Yes, the dates have been set for at least 3 months and she knew.


----------



## SeaBreeze (Mar 3, 2017)

debbie in seattle said:


> Yes, the dates have been set for at least 3 months and she knew.



That would settle it in my mind Debbie, just eliminate her part of your trip and remain on good terms with her.  Maybe a future visit together where she would travel to see you would be nice.  What does your daughter say?  I think she'd probably agree with the folks here.


----------



## Falcon (Mar 3, 2017)

KISS    Visit your daughter.  Your sister is too full of travel problems.


----------



## debbie in seattle (Mar 3, 2017)

Thanks everyone, what can I say to her so as to not start a big war?     I know what I'd like to say, but that'd be the end of our relationship.     She is the only family I have left besides my daughter and husband.


----------



## Butterfly (Mar 3, 2017)

I agree with cancelling the visit to your sis.

As to what to say, I'd just say it doesn't look like it is going to work out this this time and you won't be coming, and leave it there.  You don't owe her a complicated, emotional explanation.

Clearly, she doesn't care as much about your feelings as you do about hers.  IMHO, if they really cared about your visit, they'd alter their schedule to accommodate your visit, first off because they cared about spending time with you, and secondly, because you would be spending quite a bit of time, money and effort to come see her.


----------



## Kitties (Mar 3, 2017)

Actually it doesn't really sound like she has much interest in seeing you. E mail her and let her know, be nice and make sure she understands the problem is with you.


----------



## jujube (Mar 3, 2017)

I'm with the "skip the sis" school of thought.


----------



## RadishRose (Mar 3, 2017)

If telling the truth results in a big war and loss of the relationship and these results are not what you want to happen, I wouldn't be above telling a lie as to why you're not going.

Which is more important?

I tend to feel that, at this stage of our lives it might be better to tell the lie, spare the feelings and keep the relationship if you want it. It's not impossible but people our age don't change easily.

Say there is car trouble, some one feels too ill for the long trip-anything. Tell no one. I know it's dishonest but when you said "big war" it just feels like you already know what will happen if you're truthful and you don't want to lose her.


----------



## nvtribefan (Mar 3, 2017)

debbie in seattle said:


> Yes, the dates have been set for at least 3 months and she knew.
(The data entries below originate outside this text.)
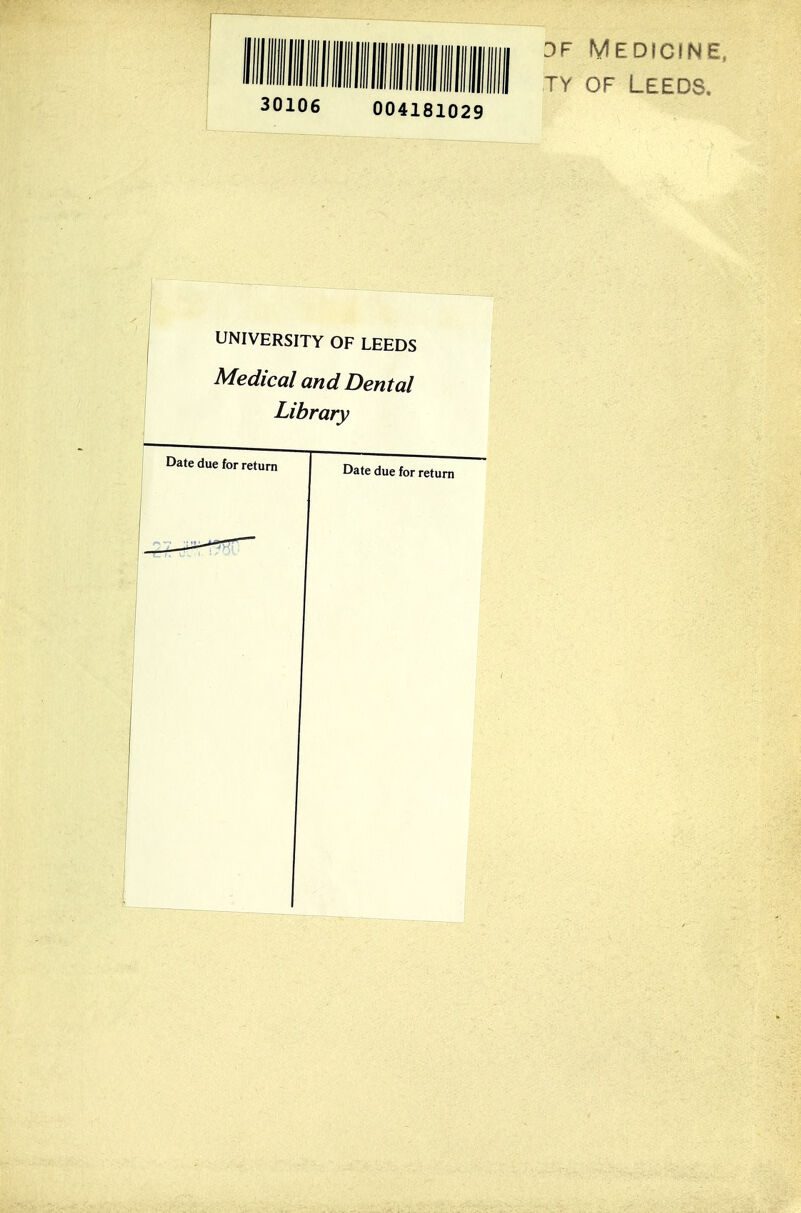 3F Medicine, TY OF Leeds. 30106 004181029 UNIVERSITY OF LEEDS Medical and Dental Library Date due for return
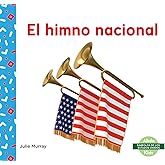 El himno nacional (National Anthem) (Símbolos de Los Estados Unidos) (Spanish Edition)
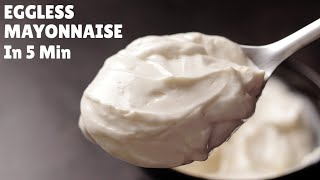 5-Minute EGGLESS MAYONNAISE In Mixer Grinder | मिक्सर में बनाएं वेज मेयोनेज़ - Aarti Madan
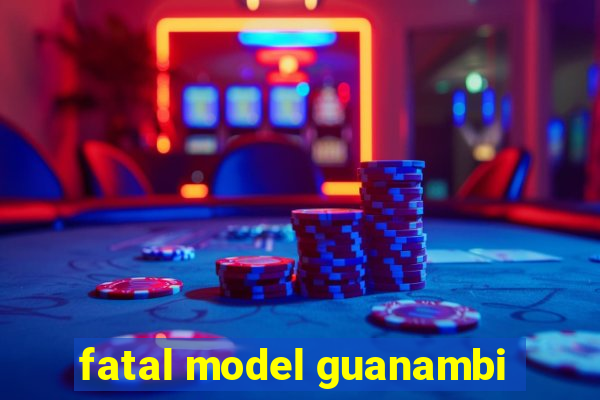 fatal model guanambi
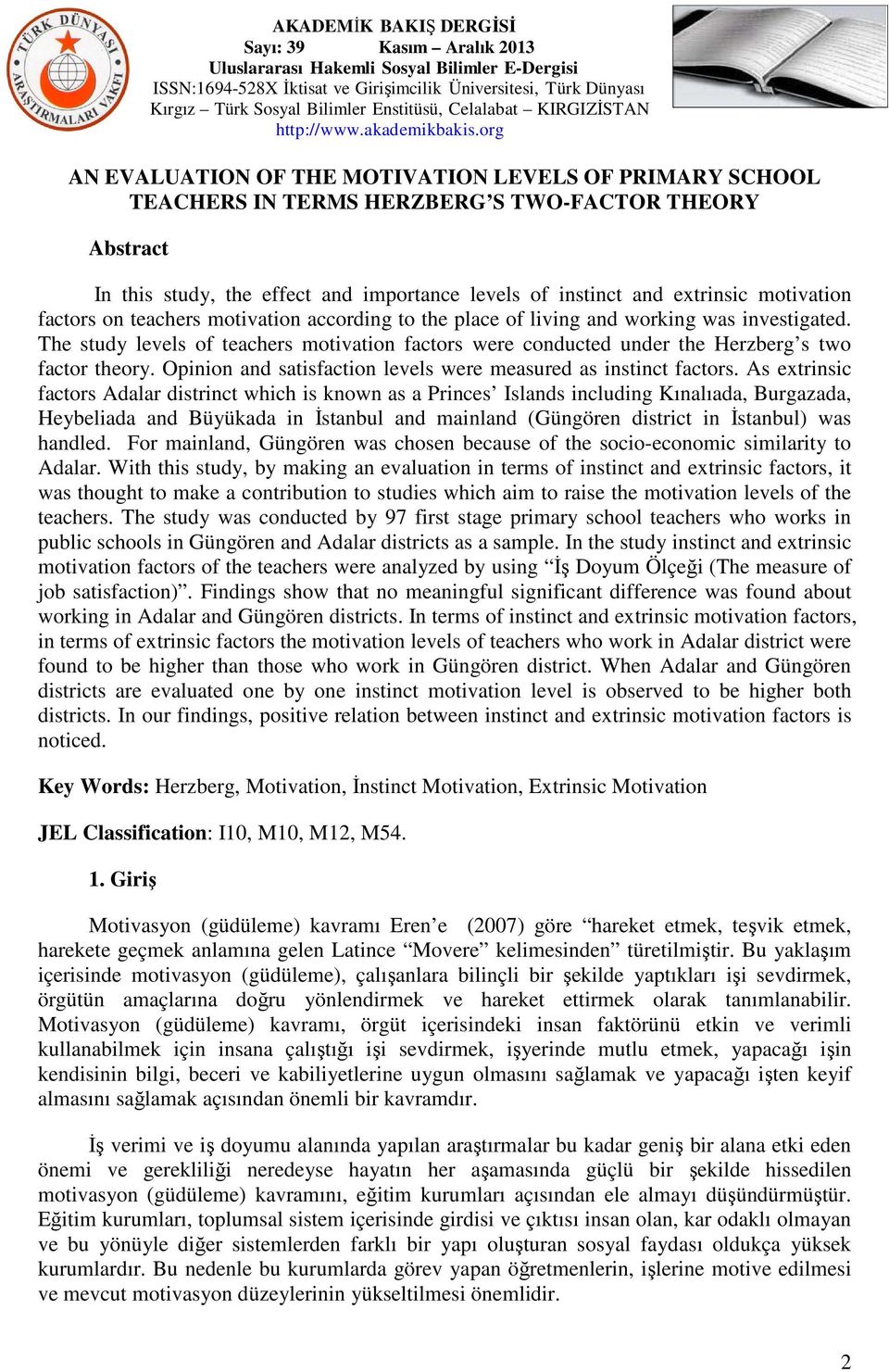 Opinion and satisfaction levels were measured as instinct factors.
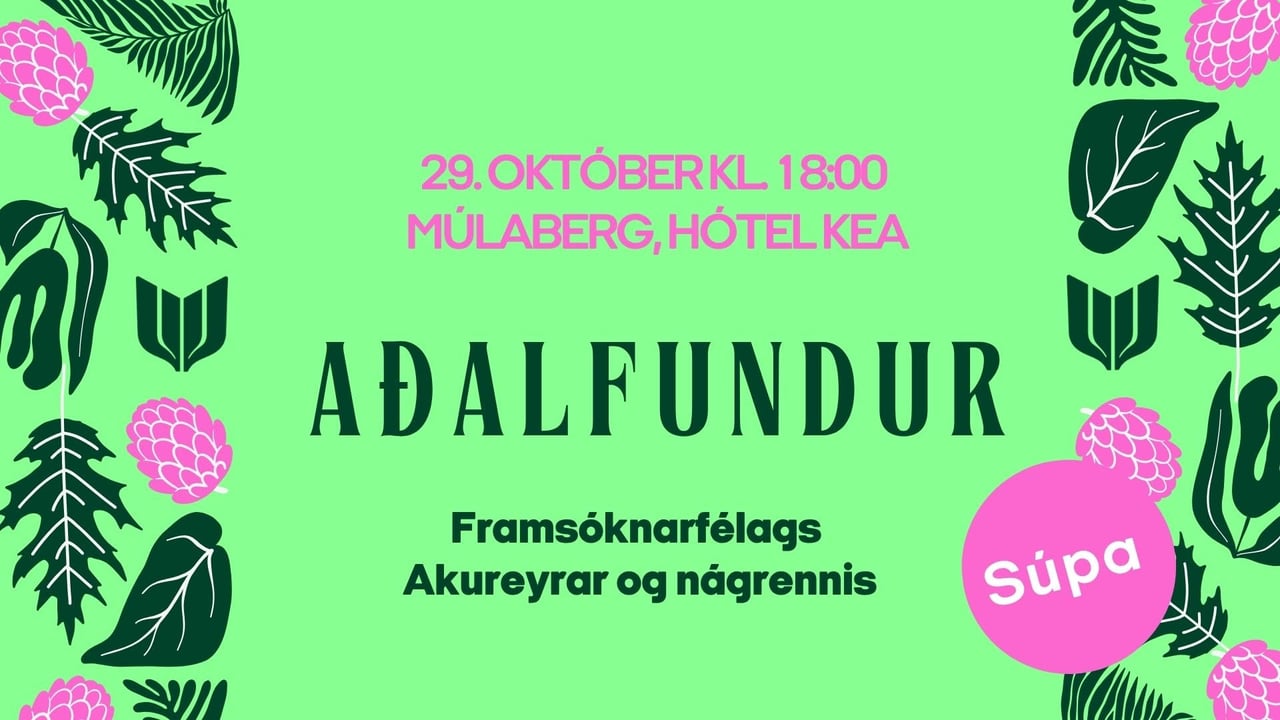 Aðalfundur Framsóknarfélags Akureyrar og nágrennis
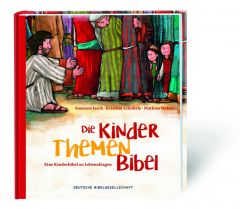 Die Kinder-Themen-Bibel Jasch, Susanne/Schnürle, Kristina 9783438040725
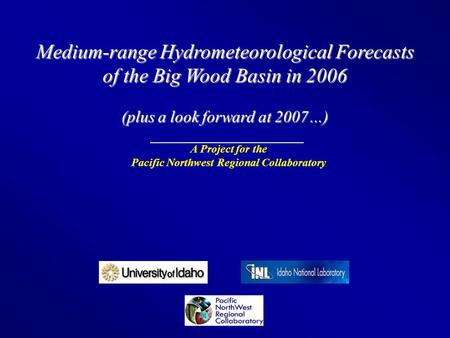 Medium-range Hydrometeorological Forecasts of the Big Wood Basin in 2006 (plus a look forward at 2007…) A Project for the Pacific Northwest Regional Collaboratory.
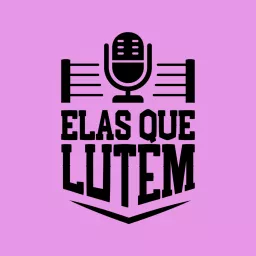 Elas Que Lutem Podcast artwork
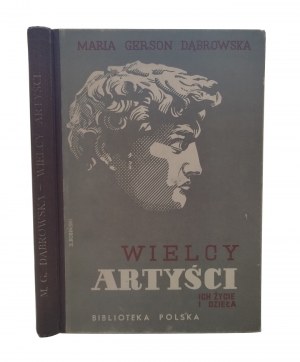 GERSON DĄBROWSKA Maria - Veľkí umelci, ich život a dielo [1938].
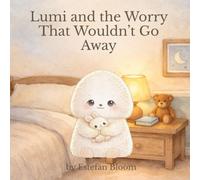 Lumi and the Worry That Wouldn’t Go Away: A Gentle Story About Anxiety, Big Feelings, and Feeling Safe Inside (Lumi Stories)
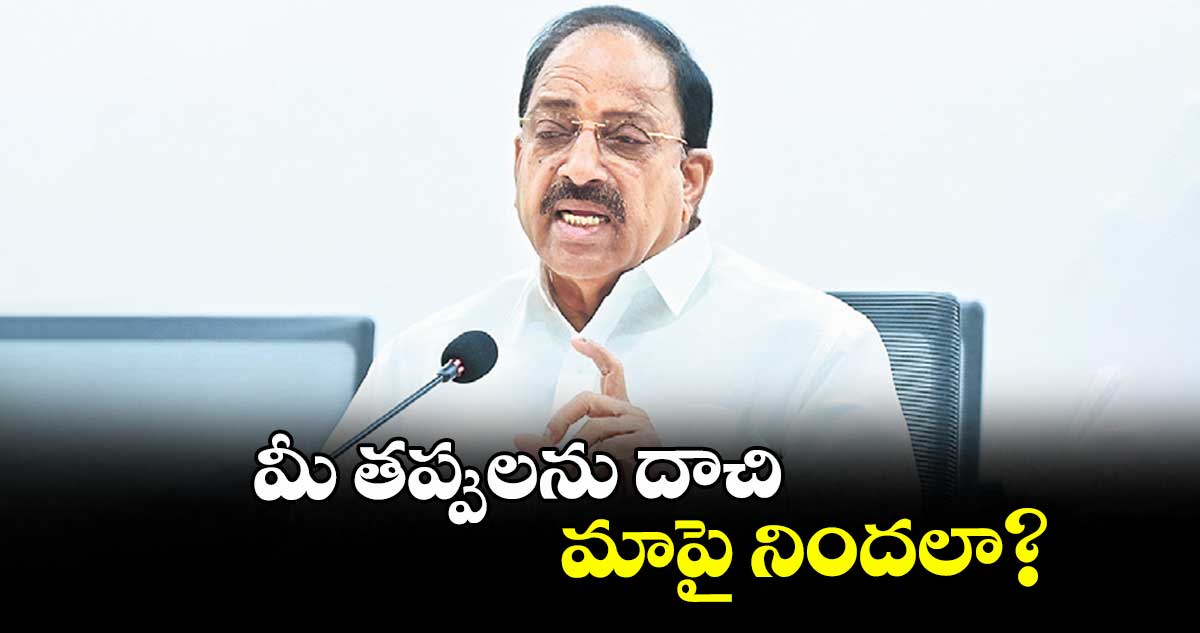 మీ తప్పులను దాచి.. మాపై నిందలా? : మంత్రి తుమ్మల నాగేశ్వర్ రావు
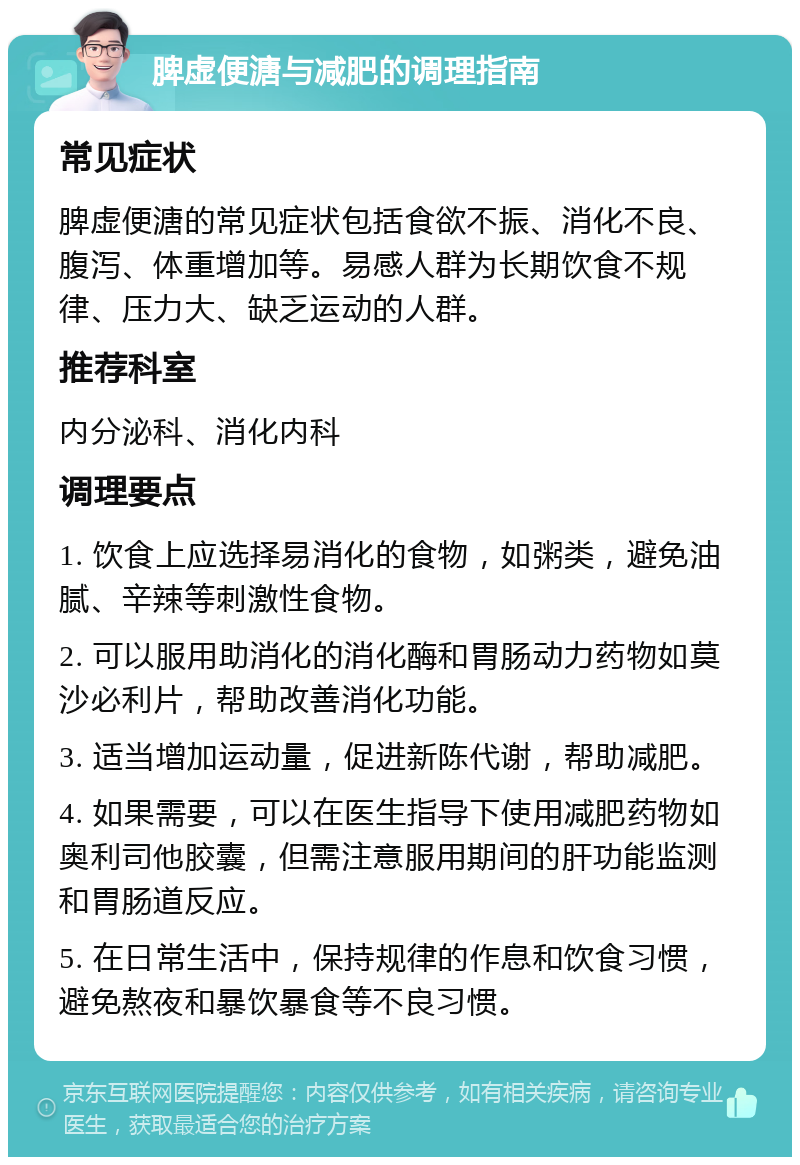 脾虚便溏与减肥的调理指南 常见症状 脾虚便溏的常见症状包括食欲不振、消化不良、腹泻、体重增加等。易感人群为长期饮食不规律、压力大、缺乏运动的人群。 推荐科室 内分泌科、消化内科 调理要点 1. 饮食上应选择易消化的食物，如粥类，避免油腻、辛辣等刺激性食物。 2. 可以服用助消化的消化酶和胃肠动力药物如莫沙必利片，帮助改善消化功能。 3. 适当增加运动量，促进新陈代谢，帮助减肥。 4. 如果需要，可以在医生指导下使用减肥药物如奥利司他胶囊，但需注意服用期间的肝功能监测和胃肠道反应。 5. 在日常生活中，保持规律的作息和饮食习惯，避免熬夜和暴饮暴食等不良习惯。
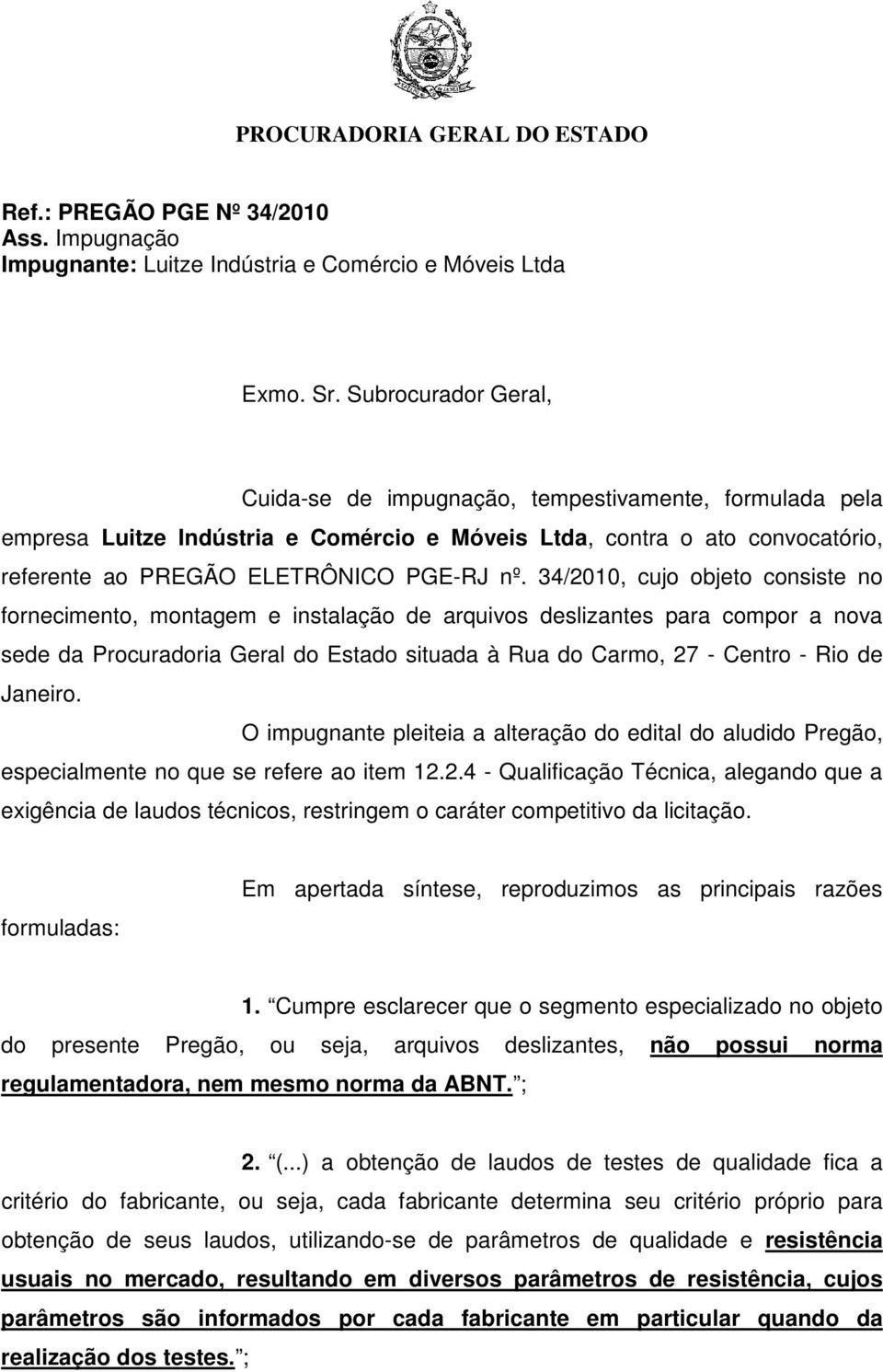 34/2010, cujo objeto consiste no fornecimento, montagem e instalação de arquivos deslizantes para compor a nova sede da Procuradoria Geral do Estado situada à Rua do Carmo, 27 - Centro - Rio de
Well, if she agreed to your plans, then changed hers, I would just skip the visit to her this time.


----------



## Debby (Mar 3, 2017)

I would just say something like, "you know sis, it seems that we just got our plans a little out of kilter here, so why don't you just enjoy the holiday you planned and we'll enjoy the extra time with 'daughter' and maybe in a couple months we'll try it again".  You can add, "maybe second time is a charm and then we can have a nice unhurried visit".  

That way you have given her an out, but you are the one extending the olive branch so you come out of this smelling like a rose, and who knows, maybe some degree of personal guilt over this mix up will start percolating in her and she might even offer to be the one to make the trip to see you!  

Sometimes being the bigger person is a pain at the moment, but down the road, when you look back on it, you can feel good about how you handled an awkward situation.  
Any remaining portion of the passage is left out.